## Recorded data










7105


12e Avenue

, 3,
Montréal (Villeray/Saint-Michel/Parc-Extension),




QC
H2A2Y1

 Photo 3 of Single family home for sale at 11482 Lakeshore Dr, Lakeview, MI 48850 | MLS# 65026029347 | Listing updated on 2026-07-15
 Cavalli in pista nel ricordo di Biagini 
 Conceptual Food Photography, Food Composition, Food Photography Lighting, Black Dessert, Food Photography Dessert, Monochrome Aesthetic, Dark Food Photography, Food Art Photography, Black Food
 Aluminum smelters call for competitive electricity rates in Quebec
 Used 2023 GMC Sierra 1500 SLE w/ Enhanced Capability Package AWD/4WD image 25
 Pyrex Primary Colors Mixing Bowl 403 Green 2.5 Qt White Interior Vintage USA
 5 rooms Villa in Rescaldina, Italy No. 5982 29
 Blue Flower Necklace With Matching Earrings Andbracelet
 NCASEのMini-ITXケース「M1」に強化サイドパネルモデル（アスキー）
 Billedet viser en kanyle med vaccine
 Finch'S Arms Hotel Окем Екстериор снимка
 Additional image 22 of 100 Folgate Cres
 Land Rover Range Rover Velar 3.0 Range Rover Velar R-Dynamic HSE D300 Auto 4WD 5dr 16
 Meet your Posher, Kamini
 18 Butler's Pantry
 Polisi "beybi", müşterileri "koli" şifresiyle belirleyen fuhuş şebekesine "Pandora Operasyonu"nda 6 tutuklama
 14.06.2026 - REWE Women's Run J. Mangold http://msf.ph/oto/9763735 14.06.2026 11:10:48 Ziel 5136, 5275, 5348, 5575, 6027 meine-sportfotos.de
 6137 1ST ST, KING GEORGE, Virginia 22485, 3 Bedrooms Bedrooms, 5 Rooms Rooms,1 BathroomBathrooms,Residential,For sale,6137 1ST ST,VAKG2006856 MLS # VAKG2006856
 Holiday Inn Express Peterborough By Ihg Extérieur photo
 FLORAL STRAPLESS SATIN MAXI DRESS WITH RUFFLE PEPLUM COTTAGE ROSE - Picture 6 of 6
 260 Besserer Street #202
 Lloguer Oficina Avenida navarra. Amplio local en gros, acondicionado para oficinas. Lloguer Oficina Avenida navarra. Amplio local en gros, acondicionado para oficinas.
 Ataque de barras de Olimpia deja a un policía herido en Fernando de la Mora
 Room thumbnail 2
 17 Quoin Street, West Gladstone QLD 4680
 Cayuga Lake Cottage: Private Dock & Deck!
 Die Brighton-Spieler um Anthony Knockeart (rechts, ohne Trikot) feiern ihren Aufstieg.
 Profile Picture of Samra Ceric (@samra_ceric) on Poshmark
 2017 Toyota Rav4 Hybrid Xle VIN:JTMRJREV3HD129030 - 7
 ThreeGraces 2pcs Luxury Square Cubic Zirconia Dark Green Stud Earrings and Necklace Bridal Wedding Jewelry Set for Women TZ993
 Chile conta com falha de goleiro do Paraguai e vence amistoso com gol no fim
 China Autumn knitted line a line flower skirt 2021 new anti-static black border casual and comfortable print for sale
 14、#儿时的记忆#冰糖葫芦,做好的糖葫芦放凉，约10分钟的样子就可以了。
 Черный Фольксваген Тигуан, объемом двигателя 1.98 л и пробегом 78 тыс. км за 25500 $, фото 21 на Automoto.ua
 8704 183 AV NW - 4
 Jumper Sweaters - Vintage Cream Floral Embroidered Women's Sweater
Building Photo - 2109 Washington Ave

## GOAL OF THE EXERCISE
In the answer, include exactly the lines from the line containing "Chile conta com" through the end of the data, and nothing else.

## SOLVED PROBLEM
 Chile conta com falha de goleiro do Paraguai e vence amistoso com gol no fim
 China Autumn knitted line a line flower skirt 2021 new anti-static black border casual and comfortable print for sale
 14、#儿时的记忆#冰糖葫芦,做好的糖葫芦放凉，约10分钟的样子就可以了。
 Черный Фольксваген Тигуан, объемом двигателя 1.98 л и пробегом 78 тыс. км за 25500 $, фото 21 на Automoto.ua
 8704 183 AV NW - 4
 Jumper Sweaters - Vintage Cream Floral Embroidered Women's Sweater
Building Photo - 2109 Washington Ave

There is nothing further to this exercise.